From the Washington, D.C. Herald, September 1, 1910.

   Sources of the time denote that Mr. Rudolph was involved in numerous charitable societies and fraternal organizations in our nation's capital, attaining high office in nearly all of them. In the early 1900s, he was instrumental in the establishment of the Washington D.C. Public Playground Committee, serving as the group's chairman for several years. He would occupy the post of chairman of the Public Playground Association and maintained memberships in the Prisoner's Aid Society, the Association for the Prevention of Tuberculosis, the Columbia Historical Society and the Washington Country Club. In addition to all of the above, Rudolph would also serve as a trustee and executive board member of Howard University.

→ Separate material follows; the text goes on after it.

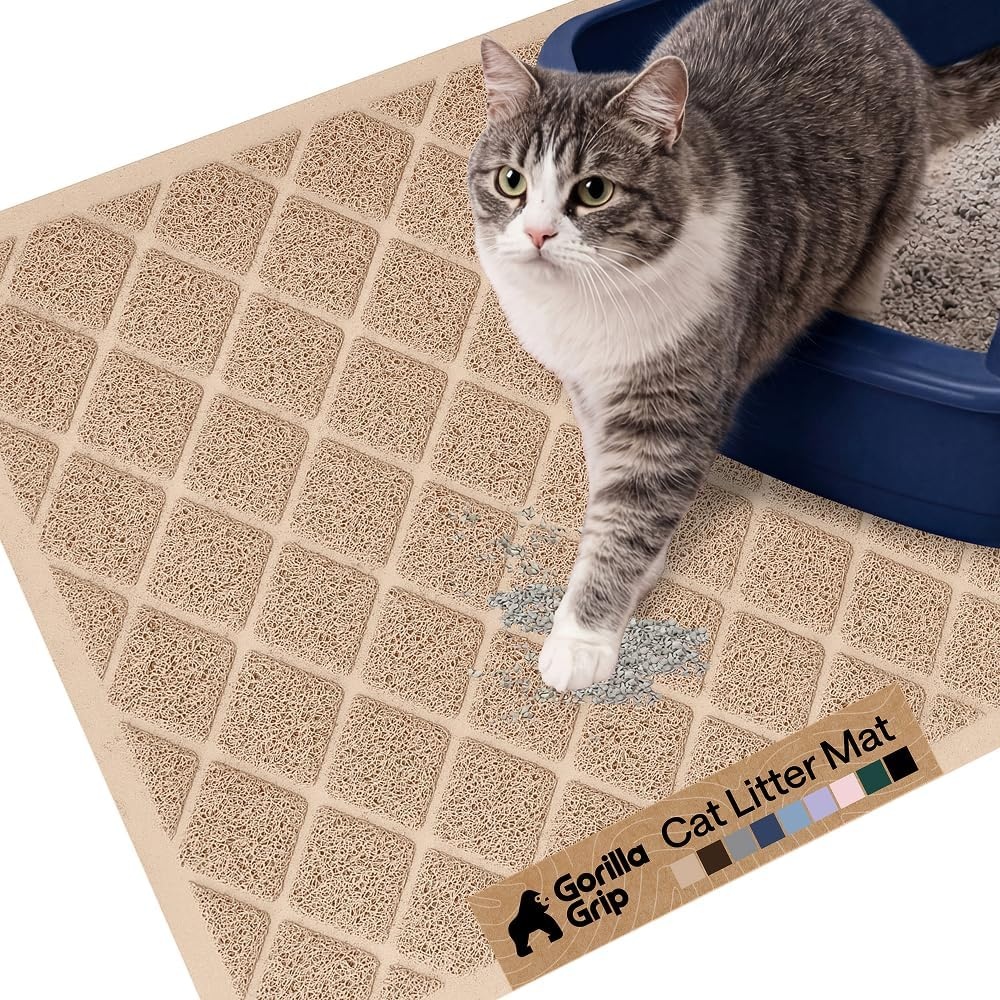 image:imageGORILLA GRIP Cat Litter Box Mat Cushioned Coil Mesh Litter Trapping Mats Scatter Control Supplies for Less Mess Phthalate Free Ultra Deep Catch Grooves Rinse or Vacuum to Clean 24x17 GrayBeige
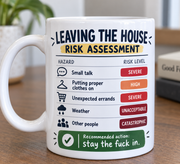 Leaving the House Risk Assessment mug stock photo 2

   In 1910 President William Howard Taft appointed Cuno Rudolph as a member of the Washington, D.C. Board of Commissioners, and he officially entered into office in January of that year. He was elected as Board President by his fellow commissioners shortly afterward and continued in the office until resigning in March 1913, when he was named a member of the District of Columbia's Public Utilities Commission, serving in office until July of that year. Following his resigning from that office in July 1913 Rudolph returned to his banking interests in the capital, serving as the president of the Second National Bank of Washington until 1921. 
   In 1921 Rudolph was reappointed to the D.C. Board of Commissioners by then President Warren Harding and was again elected Board President, serving until his resignation in October 1926. Following his departure, the Who Was Who In America 1897-1942 notes that Rudolph was "tendered a dinner by 1,000 citizens" in December 1926, and was later presented with a "silver service by the people of Washington."
   After leaving the office of commissioner Cuno Rudolph continued to be active in the civic affairs in Washington, and in 1930 was tapped to head the District of Columbia Bicentennial Commission, organized to celebrate the 1932 bicentennial celebration of George Washington's birth. Shortly before the celebration of Washington's bicentennial birth (which was to take place on February 22, 1932), Cuno Rudolph died, his death occurring on January 6, 1932. He was later interred at the Lorraine Park Cemetery in Woodlawn, Baltimore County, Maryland. His wife Amy survived him by nearly twenty years, dying at age 83 in 1951, and was later buried in the same cemetery as her husband.
Cuno Hugo Rudolph, around the time of his service on the D.C. Board of Commissioners.